COMPARAÇÃO DE MÉTODOS DEPENDENTES DE CULTIVO E DE MÉTODO MOLECULAR PARA DETERMINAÇÃO DA DIVERSIDADE BACTERIANA DE KEFIR
Introduction: Kefir is a fermented beverage with high probiotic potential and associated with several health benefits, such as antitumor and anticancer effects. To study it, lactic acid bacteria must be isolated and identified, for which molecular techniques are the most advanced.
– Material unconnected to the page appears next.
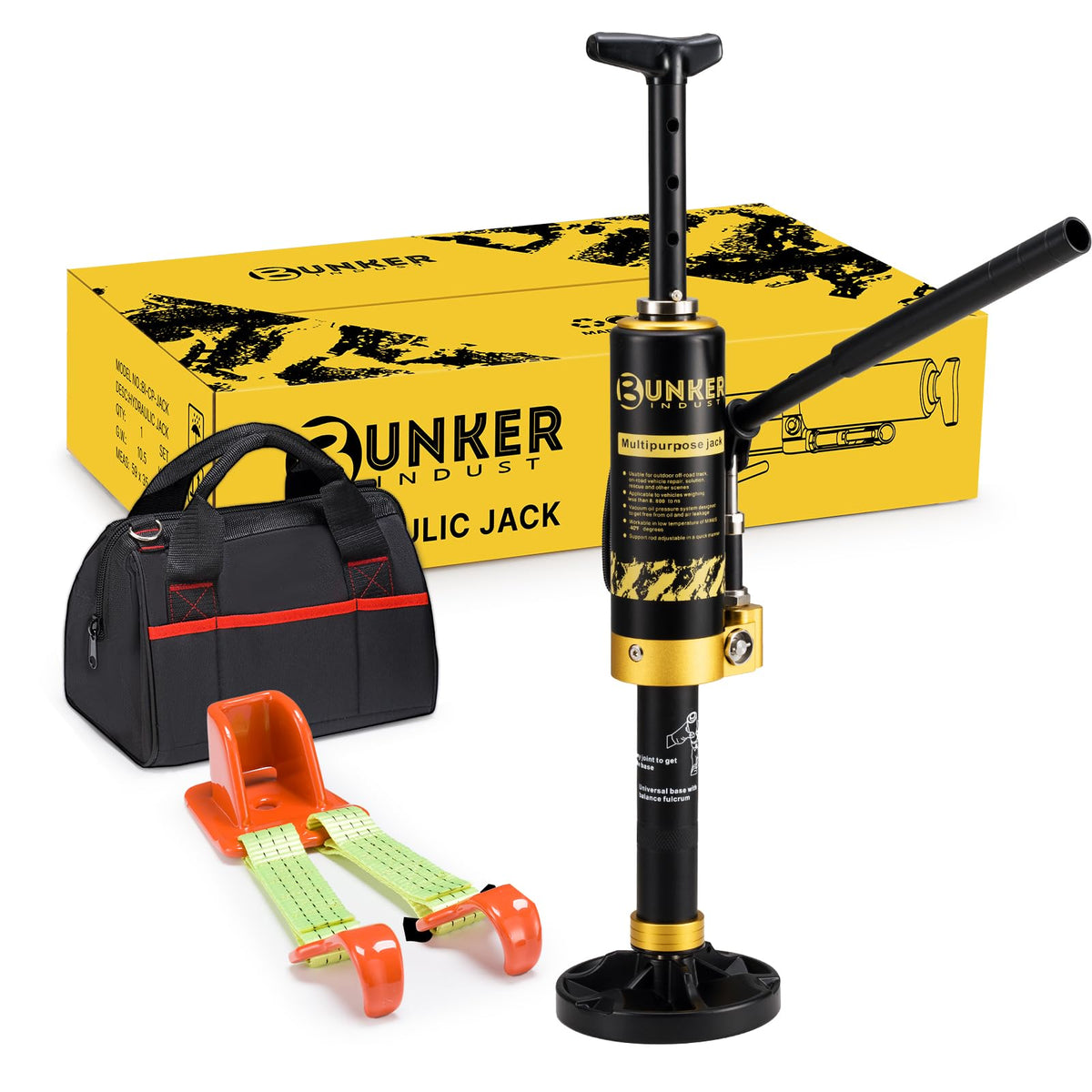 BUNKER INDUST front packaging showing compact kit and benefits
However, these techniques are also more expensive and require more specialized labor compared to culture-dependent techniques, which have lower discriminatory power. Aims: The objective o this study was to develop in vitro culture techniques that allow the isolation of a greater diversity of lactic acid bacteria from milk and kefir grains, enabling the study of different species with probiotic potential. Materials and methods: Ten selected samples were maintained under constant culture. Different DNA extraction methods were tested on selected lactic acid bacteria samples, and tests were performed using different methods, including PCR-RAPD under varying conditions, to differentiate the bacterial species under study. Results: A protocol for PCR-RAPD and for future DNA extractions involving kefir lactic acid bacteria was established. It was also determined that the culture media would be compared to each other to identify which allows the isolation of a greater diversity of species, rather than aiming to replace culture-independent techniques. Furthermore, the media to be tested were defined. However, it was not possible to perform cultivation in the different media, and the PCR-RAPD technique was not yet optimized and still requires refinement. Final considerations: Although it has not yet been possible to carry out in vitro culture techniques, molecular methods such as PCR-RAPD were explored so that, in the future, sequencing of the microbiome from an original kefir sample may serve as a reference for determining which culture medium is the most selective and allows the isolation of lactic acid bacteria with the greatest diversity.
Keywords: Lactic acid bacteria; Kefir; Microbial diversity; Growth medium.